SDK / interface for Mangater - the content scrapping and management machine
acting as the sdk / interface for mangater to work; this is the heart of the ecosystem where contributors can supply implementation details on how to match resource links, download them, search for the next resource, persist and generate a scrap summary.
However, mangater is not a crawling engine, hence it would only serve to locate resources within a logic page or chapter.

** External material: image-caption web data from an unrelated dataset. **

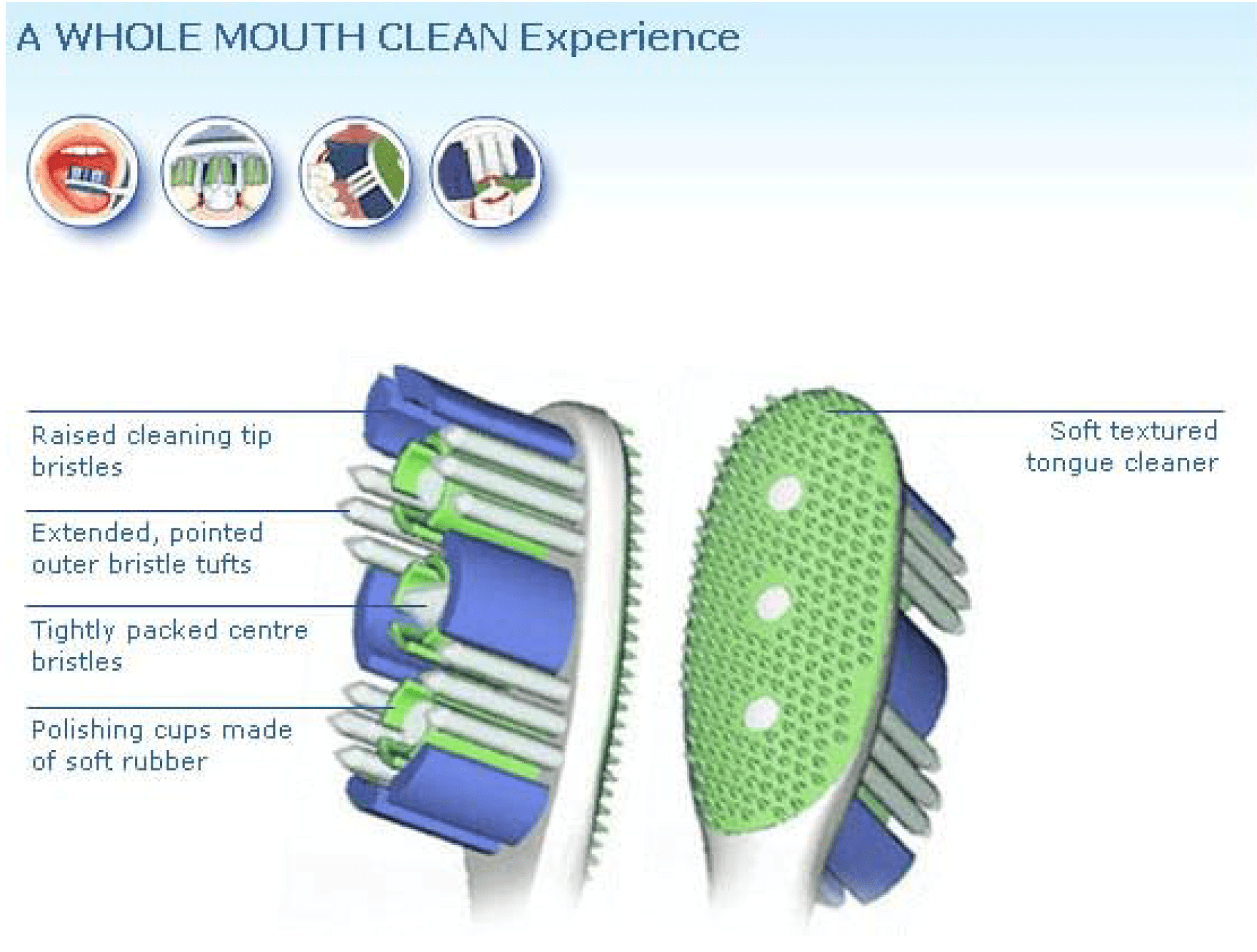 Concepts of Oral Hygiene Maintenance that Would Apply for the Different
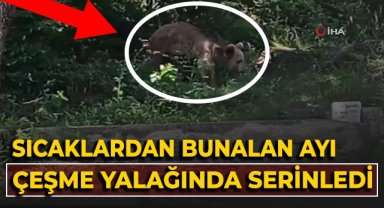 Sıcaklardan bunalan ayı, çeşme yalağında serinledi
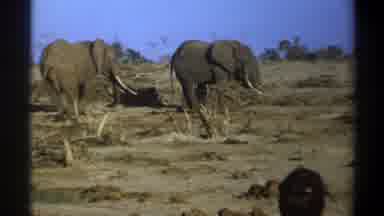 Cape Town South Africa (1969): Two Elephant On Savannah Woman In Red Shirt Brown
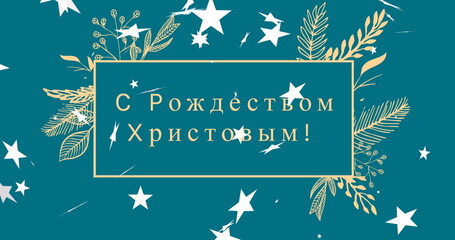 Image of merry christmas text over plants and stars - obrazy, fototapety, plakaty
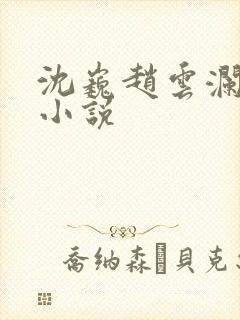 沈巍赵云澜同人小说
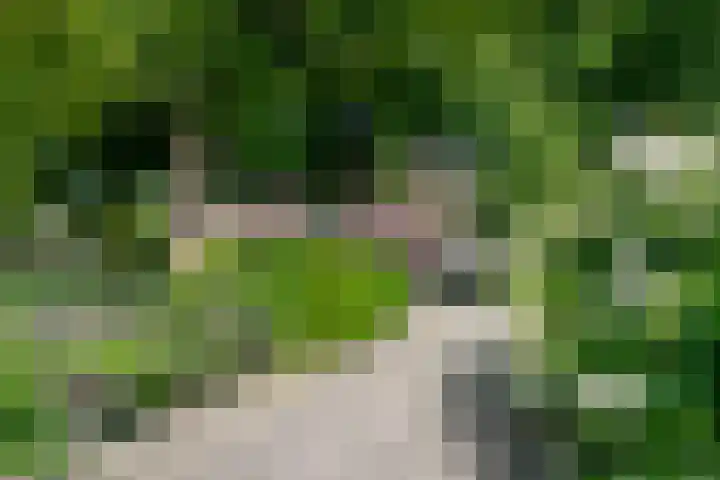 Nassauplein 52 Alkmaar thumbnail 32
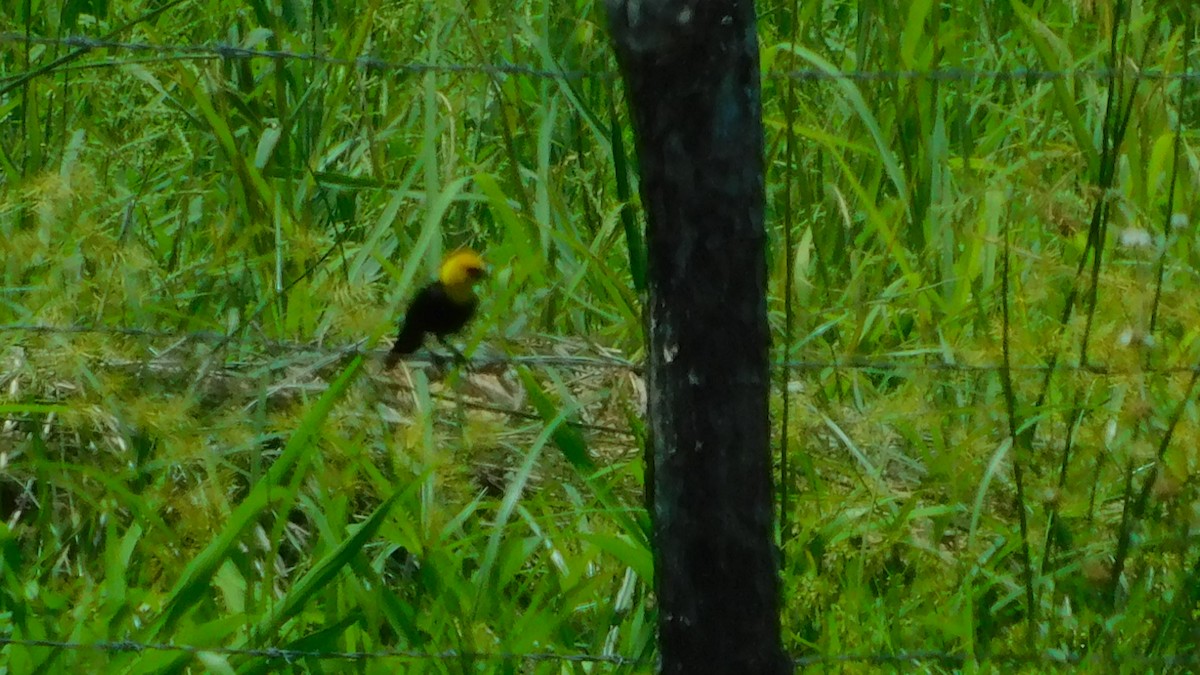 Yellow-hooded Blackbird - ML638465617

For most cases, it will not crawl out of the boundary.
For contributors, please also read contributor guide
possible layouts of websites containing the resources
a. everything is on the landing page (e.g. gallery pages)
- all resources (images, pdf etc) are all linked on the landing page
- matching logic can source all the resources on the landing page; no further page navigation required
traits to implement
domain.rs
- match(domain:String)
matcher.rs
- matchPatterns([ PatternAndType { pattern:String, type:Enum } ])
storage.rs
- persist()
b. langing page shows only the 1st resource, links to the next resource is provided on the page
- only 1 resource available per page
- navigation of pages required (but not crawling over the logical boundary of a chapter or unit)
- matching logic can source the only 1 resource on the current page
- matching logic have to source for the next pagination resource / url
traits to implement
domain.rs
- match(domain:String)
matcher.rs
- matchPatterns([ PatternAndType { pattern:String, type:Enum } ])
storage.rs
- persist()